Valeri played nine seasons with Lanús, scoring 25 goals in 158 league matches in Argentina's top league. In 2007, he was part of Lanús winning its first Primera División championship.
He spent the 2009-10 season with FC Porto of Portugal and also was loaned to Spain's UD Almería during the 2010-11 season. Valeri has made three appearances with Argentina's national team.
Through the Timbers, Valeri said he is excited to come to Portland.
"I am very happy and this, for me, is a beautiful opportunity," he said. "I always wanted to play in MLS. I'm grateful that the Portland Timbers have given me this chance."

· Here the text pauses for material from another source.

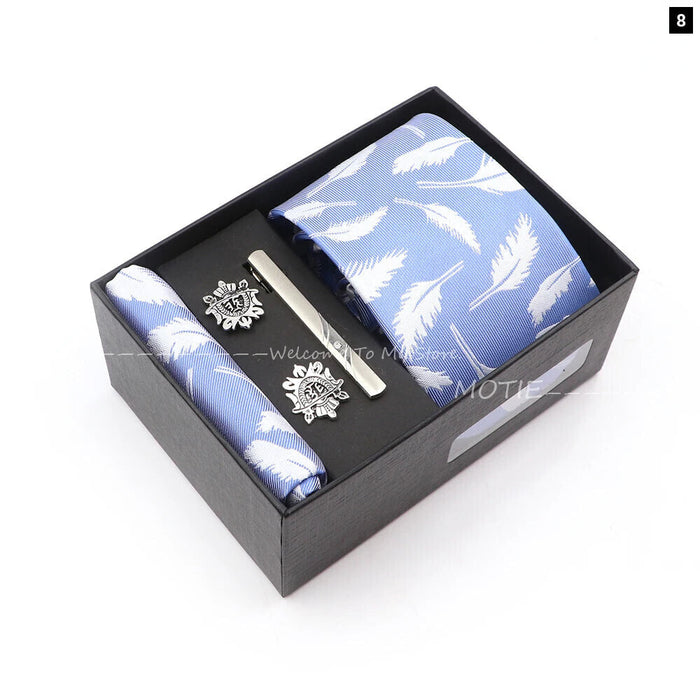 Tie Set Classic Polyester With Box Handkerchiefs Cufflinks Tie Clips For Group Parties Weddings And Suits Great Accessories And Gifts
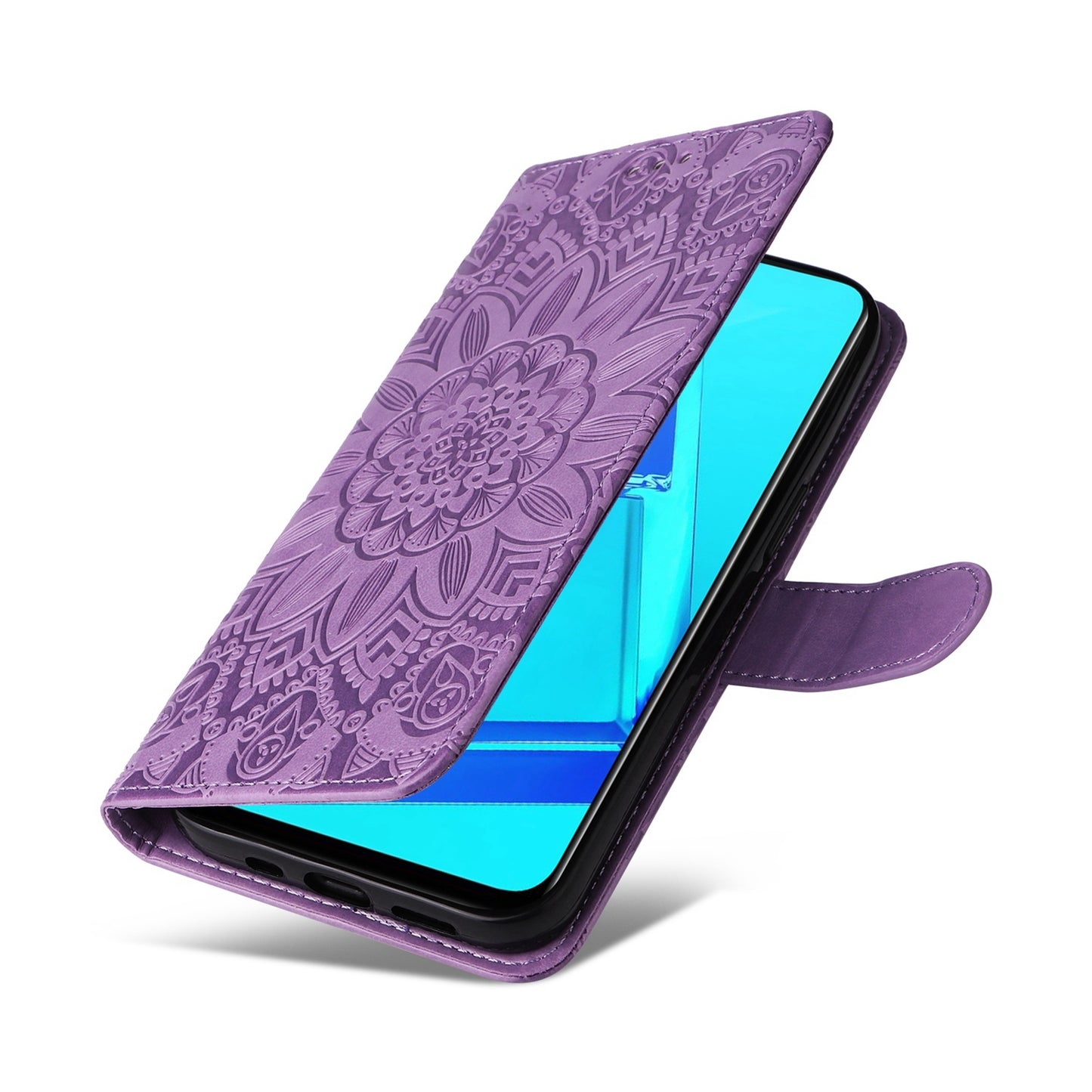 OPPO A92 Sunflower Embossed Leather Wallet Phone Case with Kickstand and Card Holder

Alejandro Taraciuk, who has been a conduit to MLS for players from South America, described Valeri as one of the more talented of those players.
"I have been responsible for bringing approximately 70 players to the league, and without doubt Diego Valeri is one of the best players I have placed in MLS," Taraciuk said in a statement released by the Timbers.
Valeri is the third designated player signed by the Timbers, joining Colombian midfielder Diego Chara and Scottish striker Kris Boyd. Boyd's future in Portland seems uncertain. Porter this week said that Boyd might have trouble playing the possession-oriented style of soccer the first-year coach wants from his team. Boyd was by far the highest paid Timbers player last season at a base salary of $1.25 million.
The MLS designated player rule allows teams to pay those players more money than what that player counts against the salary cap. Each team has two DP slots, and can add a third slot by paying a fee to MLS. Per league and club policy, terms of the Valeri deal were not disclosed.
The Timbers now have 29 players under contract.